ISLAMABAD, PAKISTAN, JAN. 27 -- Afghan guerrilla forces used new long-range heavy mortars for the first time in an attack 10 days ago that leveled a Soviet special forces camp in the Kunar Valley of Afghanistan, according to guerrillas and western diplomatic sources.
Use of the 120-mm mortars represents another escalation in military conflict between the Afghan resistance forces, who generally use guerrilla tactics, and Soviet and Afghan army units, who operate from fixed camps and generally move in well protected convoys.
Just as the introduction of Stinger missiles more than a year ago was designed to blunt the Soviet advantage in the use of air power against the guerrilla units, U.S. military strategists said the longer range and more accurate mortars will give the guerrillas, or mujaheddin, the capability of delivering damaging blows to Soviet and Afghan garrisons while remaining at a distance from the superior firepower of the regular Army units.
Introduction of the weapons at the current stage in the conflict also is a continuation of the "fight and talk" strategy that both sides seem to have adopted this winter. Nighttime temperatures in the mountains plunge in the winter and many peaks are covered with snow. In previous years, combat has diminished in the winter, but reports from inside Afghanistan indicate a steady level of battle coinciding with the current flurry of diplomatic maneuvering.
U.N. special negotiator Diego Cordovez continued his round of shuttle diplomacy, holding talks in Islamabad today with top Pakistani Foreign Ministry officials. In Peshawar, Yunis Khalis, the head of the seven-party anti-Soviet alliance, announced that the mujaheddin leaders now would be willing to meet with the U.N. undersecretary if he met two conditions.

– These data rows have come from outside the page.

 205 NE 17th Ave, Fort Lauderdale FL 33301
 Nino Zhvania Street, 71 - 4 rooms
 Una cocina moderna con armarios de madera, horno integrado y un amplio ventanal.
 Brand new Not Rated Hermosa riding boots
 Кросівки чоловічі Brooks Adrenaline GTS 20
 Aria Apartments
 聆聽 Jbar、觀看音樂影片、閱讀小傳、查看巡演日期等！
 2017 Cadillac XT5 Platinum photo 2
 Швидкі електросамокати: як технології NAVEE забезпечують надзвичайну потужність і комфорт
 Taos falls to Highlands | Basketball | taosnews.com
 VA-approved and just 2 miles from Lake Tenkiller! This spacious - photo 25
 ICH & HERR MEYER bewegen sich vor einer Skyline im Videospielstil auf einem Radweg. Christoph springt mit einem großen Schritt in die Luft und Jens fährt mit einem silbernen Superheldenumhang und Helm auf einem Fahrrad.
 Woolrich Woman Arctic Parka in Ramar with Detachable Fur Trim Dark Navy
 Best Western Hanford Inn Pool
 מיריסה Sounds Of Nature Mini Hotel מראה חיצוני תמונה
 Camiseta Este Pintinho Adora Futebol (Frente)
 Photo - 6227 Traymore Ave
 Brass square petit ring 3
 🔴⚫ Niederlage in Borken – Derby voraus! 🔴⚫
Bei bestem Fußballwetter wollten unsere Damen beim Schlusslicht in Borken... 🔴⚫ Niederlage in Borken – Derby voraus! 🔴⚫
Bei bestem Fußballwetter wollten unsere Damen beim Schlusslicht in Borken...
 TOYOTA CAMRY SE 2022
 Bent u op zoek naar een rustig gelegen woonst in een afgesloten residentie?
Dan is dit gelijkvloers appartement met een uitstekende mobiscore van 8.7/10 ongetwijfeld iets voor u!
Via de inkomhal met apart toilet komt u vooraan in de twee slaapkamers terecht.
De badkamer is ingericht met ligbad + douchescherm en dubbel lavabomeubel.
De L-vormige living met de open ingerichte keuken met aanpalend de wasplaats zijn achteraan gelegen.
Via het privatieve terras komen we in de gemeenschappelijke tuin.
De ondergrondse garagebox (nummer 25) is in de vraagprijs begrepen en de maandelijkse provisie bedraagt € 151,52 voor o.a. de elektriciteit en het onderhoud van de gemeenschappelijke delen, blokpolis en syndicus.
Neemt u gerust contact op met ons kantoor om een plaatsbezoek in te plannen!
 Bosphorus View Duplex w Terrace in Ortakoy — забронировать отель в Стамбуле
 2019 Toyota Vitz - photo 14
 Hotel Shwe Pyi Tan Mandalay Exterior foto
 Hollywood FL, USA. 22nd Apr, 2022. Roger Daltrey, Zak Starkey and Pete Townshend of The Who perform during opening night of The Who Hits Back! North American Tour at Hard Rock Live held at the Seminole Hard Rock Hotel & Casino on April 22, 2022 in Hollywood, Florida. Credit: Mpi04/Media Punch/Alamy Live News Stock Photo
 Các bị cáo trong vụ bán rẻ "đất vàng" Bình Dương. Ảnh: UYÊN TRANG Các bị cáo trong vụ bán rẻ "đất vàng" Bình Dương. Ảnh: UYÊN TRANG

Reversing an absolute rejection of the U.N. role in the Afghan conflict, the alliance leaders said they would meet with Cordovez if he announced publicly that the mujaheddin were one side of the Afghan problem and that each decision that is not acceptable to the mujaheddin is not valid.
Only a week ago, Khalis said the alliance rejected both the Geneva process and Cordovez's efforts, adding that they would talk only with the Soviet Union. The announcement provoked a sharp retort from moderate alliance leaders, saying it was unauthorized.
"It is a clear shift of the mujaheddin toward a more compromising position," said one diplomat who follows the talks.
Cordovez, who gave a bleak assessment of his current round of talks when he returned to Islamabad from Kabul yesterday, was said to be somewhat more hopeful today.
Cordovez would appear to have little problem in stating that the mujaheddin are one part of the Afghan problem, unless the alliance leaders are demanding that he stop dealing with the government in Kabul. Their intention was unclear in today's statement. Whether he could meet their other demand, publicly giving them a veto over his negotiations, is more problematic.
The mortars that were used in the Jan. 17 attack are supplied under the unacknowledged but widely reported U.S. assistance program for the Afghan guerillas, which last year totaled more than $600 million. U.S. specialists were considering a Spanish or an Israeli heavy mortar because of their lighter weight, which makes them more adaptable to mountainous guerrilla warfare.
The Spanish and Israeli 120-mm mortars, both of which are lighter than the comparable U.S. 107-mm mortar, have a range of roughly 3.8 miles. The Spanish mortar, which is also lighter than the Israeli, is more adaptable to guerrilla warfare in Afghanistan.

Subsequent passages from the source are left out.